Sabrina Sanchez
Apr 5, 2023

Nativa turns used beer bottles into rain gauge meters to support Colombian farmers

The initiative gives farmers the ability to measure rainfall to protect their crops.

Nativa turns used beer bottles into rain gauge meters to support Colombian farmers

Nativa beer, owned by Bavaria-AB InBev, is one of the only beers brewed from cassava, a popular root harvested in Colombia. So when AB InBev and creative agency L&C New York learned that Colombian farmers lost more than 4.9 million acres of crops to heavy rainfall last year, it felt natural for the brand to devise a solution to preserve crops in its latest sustainability initiative. 

On Monday, L&C New York and Nativa launched the “Nativa Meter,” a campaign that redesigns beer bottles to function as a rain gauge to measure precipitation. 

Keeping the same proportions of the original bottle, the brand and agency’s creative teams worked together with a Colombian meteorologist, Jhon Jairo Valencia, to develop measurement indicators that mark the number of liters or milliliters of rainfall per square meter.  A guide on the back of the label explains the different levels of rainfall and whether they are a benefit or a risk to farmers' crops.

The purpose of the gauge is to give Colombian countryside farmers information about when to make adjustments to protect their crops as well as find a second use for the beer bottles.

“One of the main problems is that a lot of the farmers use more dated, traditional methods to see the rain patterns, and they're not so accurate,” said Gian Carlo Lanfranco, founder and CCO at L&C New York. “[But this is] a circular campaign. By protecting the cassava [from heavy rainfall] with this tool, we're also protecting the main ingredient of the beer.” 

As a result, there is a ripple effect: farmers’ income and food supply is protected, as well as an international food supply that is traded, sold and imported from Colombia. The campaign has three sustainability touch points: recycling, food and crop preservation and access to technological resources to an underserved population.

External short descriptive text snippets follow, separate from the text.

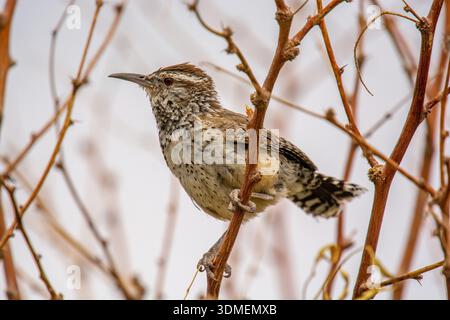 Un magnifique Cactus Wren effectue une visite personnelle et rapprochée avec le photographe dans un désert du sud de la Californie. Banque D'Images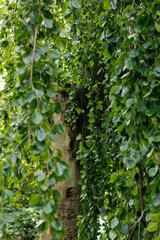 Green beech tree branches with hanging leaves, fresh spring and summer foliage, natural lush greenery close-up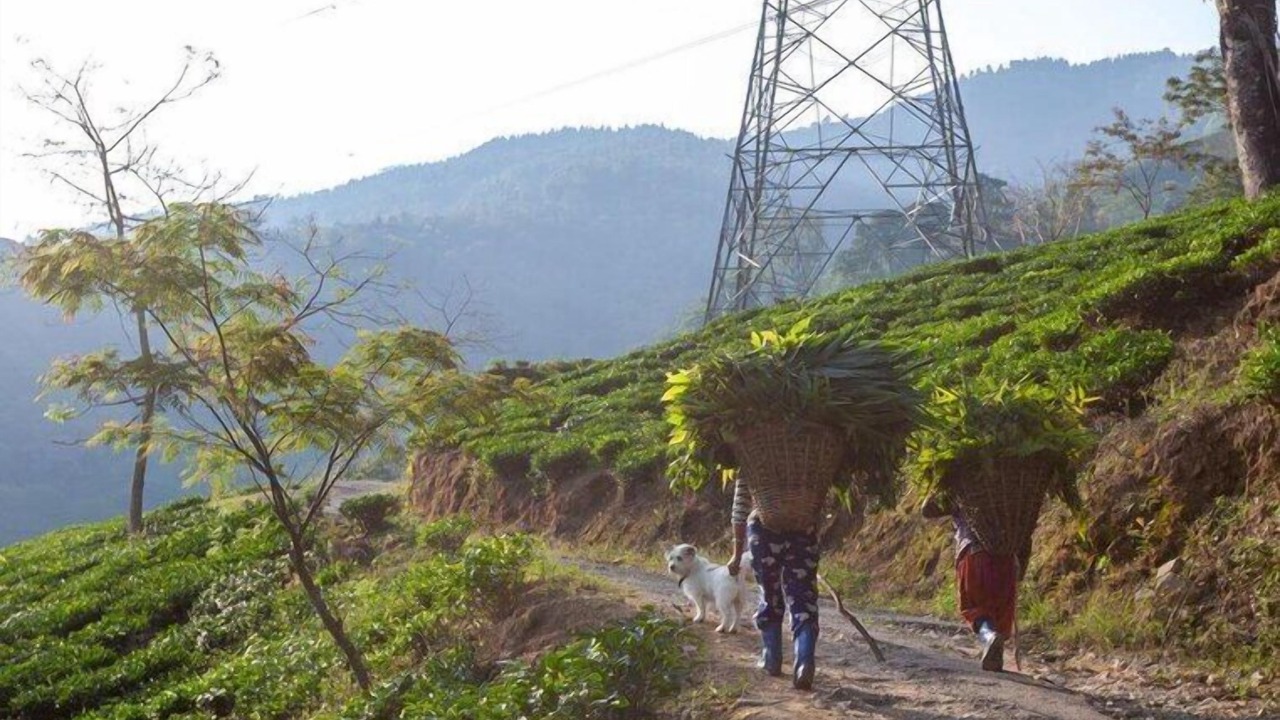 Photo of Others in Darjeeling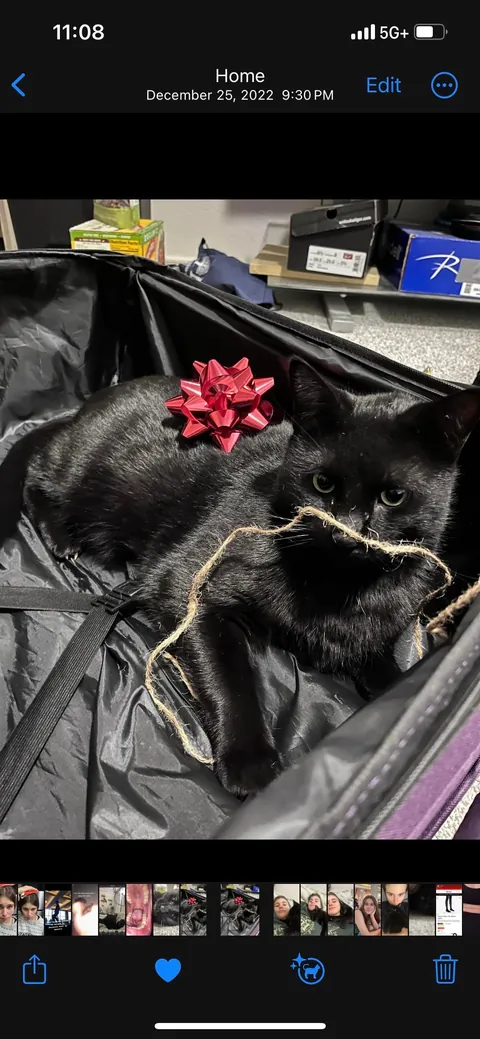 My dad saved him from being a killed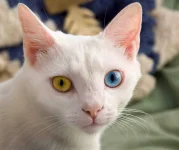 June_odd-eyed-cat_cropped.webp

“When you dig into it, it's a scale based on historical data from the region that understands exactly what the concerns of the farmers are, and translates that into a very simple analog tool that provides education in a very easy, accessible way,” said Camden Elizabeth, executive producer at Suitcase Productions. “It might seem simple on the surface, but the innovation truly is quite remarkable.”

In addition to the bottles, Bavaria-AB InBev created a Whatsapp line where farmers can submit photos of their rainfall-filled bottles to record the data. From there, the data will be used to calculate the rain averages in municipalities in the Córdoba region and make predictions for the following rain season. 

Starting in May, the campaign will be expanded to Sucre, Bolivar, Cesar and Valle del Cauca, Colombia. 

The campaign is an effort to make a direct impact with a solution for a community affected by climate change, Lanfranco explained.

“Floods caused by rain destroy a lot of farmland everywhere, not necessarily [just] in Colombia. So the initiative is starting in that market, but the idea is to have it become something regional, and hopefully something global,” he said, noting that the impact of climate change in one place affects everyone, everywhere.